RECORDS FOR PROCESSING Start Marker
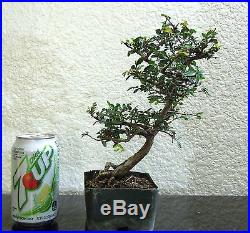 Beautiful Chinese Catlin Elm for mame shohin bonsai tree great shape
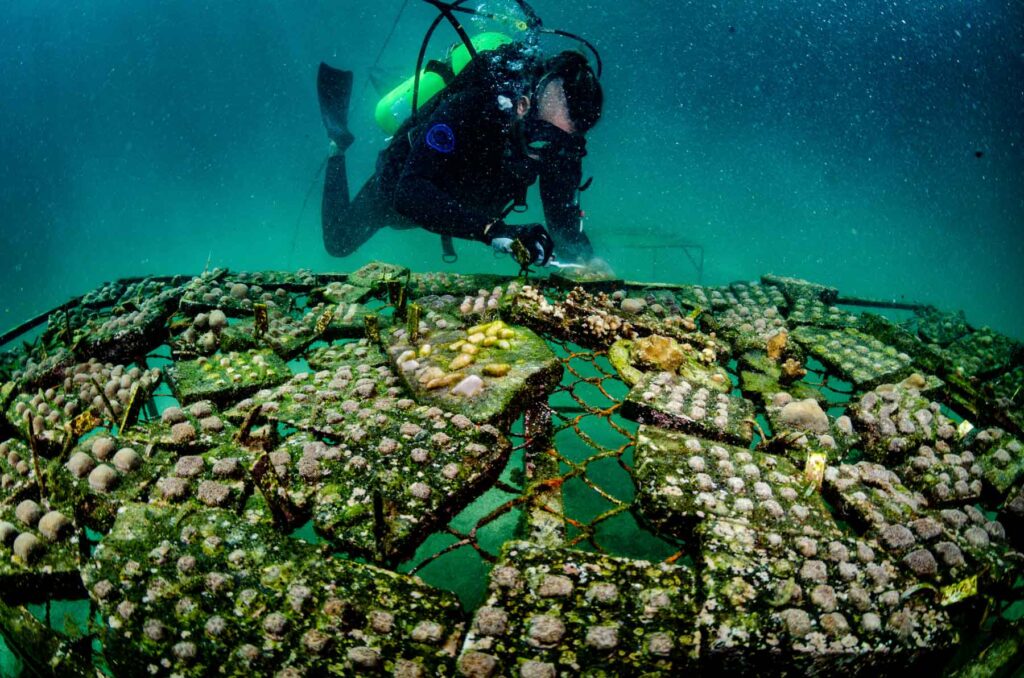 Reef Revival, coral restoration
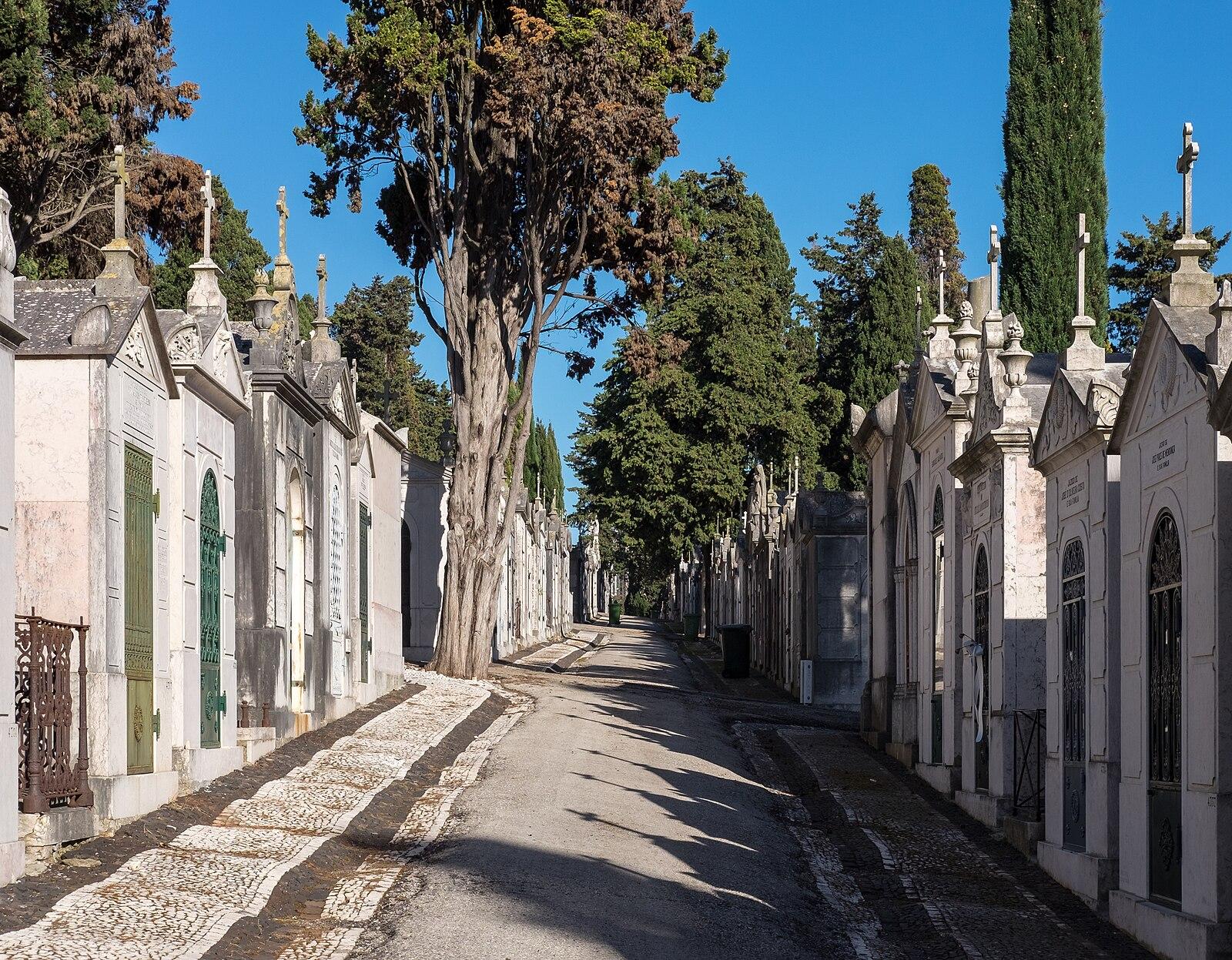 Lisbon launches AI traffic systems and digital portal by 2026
RECORDS FOR PROCESSING End Marker
RECORDS FOR PROCESSING Start Marker
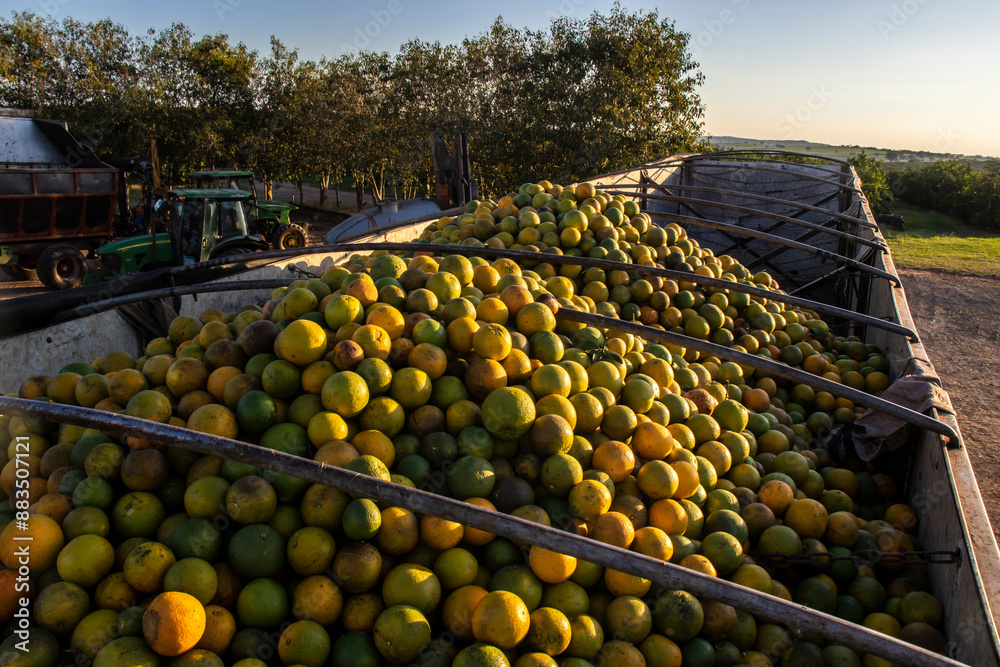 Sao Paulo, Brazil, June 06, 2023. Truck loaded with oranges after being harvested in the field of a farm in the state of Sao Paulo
RECORDS FOR PROCESSING End Marker
RECORDS FOR PROCESSING Start Marker
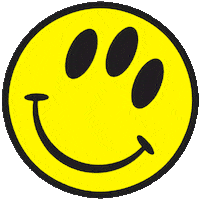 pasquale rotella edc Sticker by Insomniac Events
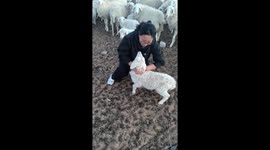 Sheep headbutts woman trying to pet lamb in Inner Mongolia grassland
RECORDS FOR PROCESSING End Marker
■ YOUR TASK ■
Exactly the lines starting at the one above with "Reef Revival, coral restoration" and ending at the one with "Lisbon launches AI" should be printed, and nothing else. Omit the pictures.

■ FINISHED EXERCISE ■
 Reef Revival, coral restoration
 Lisbon launches AI traffic systems and digital portal by 2026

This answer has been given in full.